It is the eleventh day of Occupying Action in Hong Kong. We have faced violence, threats from the government, and plots between the police and the gangs. The crowds are smaller this week than last, but still, every day, especially in the evening, there are thousands of protesters at the three occupied areas. We are more determined than ever to continue to stand firm for our citizens’ rights to experience a true democracy and universal suffrage in Hong Kong, our home and a place in China where we still have freedom of speech and expression.

The protests began when the Hong Kong Federation of Students and Scholarism demonstrated outside of the government headquarters on September 22 in response to the government’s proposed plan to take away our right to nominate the candidates for Chief Executive Election in 2017, effectively silencing our voices and opinions.

From there, the movement grew and by September 28, the police initiated their first major crackdown against protestors.The armed police used tear gas and pepper spray and threatened the protesters with even more violent action to clear the crowd. I was there that day as my organization HER Fund, which works with grassroots women’s groups, was one of the organizations supporting the students’ demonstration.

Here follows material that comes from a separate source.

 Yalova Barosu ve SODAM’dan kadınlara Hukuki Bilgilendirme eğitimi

When the police came, we had no time to fear, our determination to resist and to struggle for our future moved us to occupy the space that we know belongs to us and to take a stand for the freedom that we want and the rights that we deserve. Peacefully, we sat down as conscientious citizens, as did people in Mongkok and Causeway By, other parts of the city. The protesters sustained the occupation by blocking the road, stopping the buses, and setting up road blocks with wooden racks, garbage bins, and anything they could get on the street.

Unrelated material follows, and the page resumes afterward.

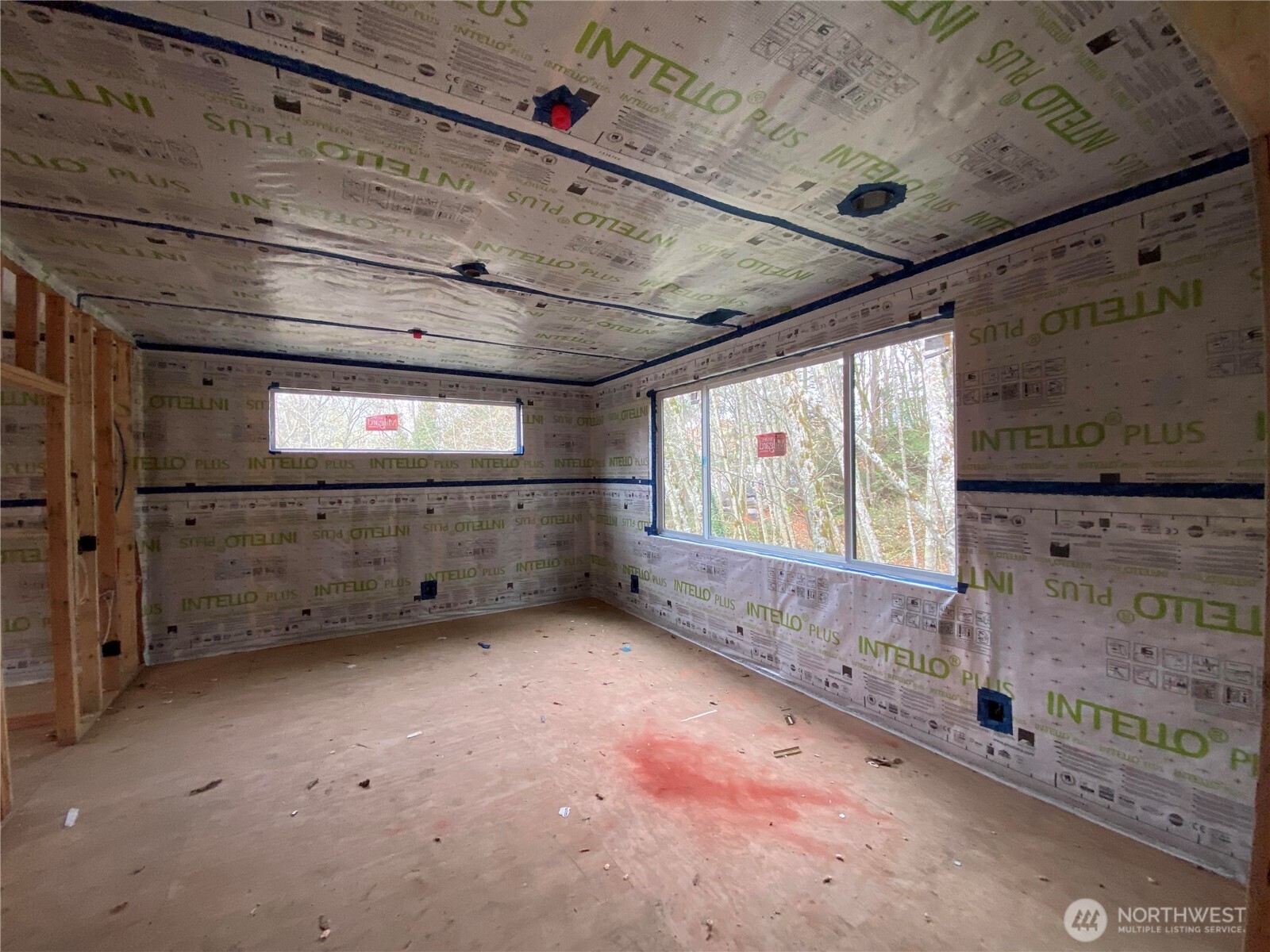 Builder spared no expense, down to the high grade Intello insulation.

For days, I stayed in the occupied area of the Mongkok district. Many people stopped by to support the efforts. They donated water, food, yellow ribbons, free mobile charging services and more. Some helped us make yellow ribbon to distribute to the people visiting the area. We cheered for each other and shared our views in the open street forum. It was so peaceful and empowering to us, the togetherness and solidarity as we struggled for a better Hong Kong with true democracy.

Then came more violence. On October 3, we were threatened with brutality by the oppositions. They swore at us, yelled at us to clear the stage of the occupied area, tore down the cover, sexually assaulted some of the women protesters, and beat the protesters who resisted and tried to protect the occupying space.

Women’s groups spoke out against these act of violence but there has been no response from the government; even the Equal Opportunities Commission and Women’s Commission has not said a word. Instead, every day, the authorities say threatening and distorted statements about our occupying action. We have to struggle on our own. Just today, the Hong Kong Women’s Coalition, one of HER Funds’ past grantees, began setting up a hotline for women protesters who need help if they experience sexual harassment or assault.

Women’s groups have played an essential role in the occupation on the streets. HER Fund grantee partners have mobilized more women to join in the movement and have helped them have a voice during this important time. For example, some created street forums to tell everyone in Hong Kong and the world that we, as women, and as citizens in Hong Kong, want to defend our human rights and social justice. There have been story-sharing sessions, where women have shared stories about using umbrellas to protect themselves from the pepper spray and expressed their fear and anger and their wishes for true democracy in Hong Kong.

One young woman said, “I can’t believe this could happen in Hong Kong, we are very peaceful protesters and we have not been violent at all. When the tear gas hit us, we are so frightened yet our conscience told us that we should not withdraw.”

I am with her. We love Hong Kong and we know our resistance is the only way to fight for our dreams: A better place with freedom and human rights protection! We also know the road toward sustained democracy is long with real harsh challenges ahead, but we will never give up. Our struggle will prevail. We will persist in our occupying action until the government withdraws the political reform proposal.

Fortunately, the government is now willing to open dialogue with the students’ representatives and a meeting will be held on October 10. We will see what happens. But come what may, we, the people in Hong Kong, will continue to persist our demands for true democracy.

 

Linda To is the Executive Director of HER Fund and a participant in Hong Kong’s Umbrella Movement.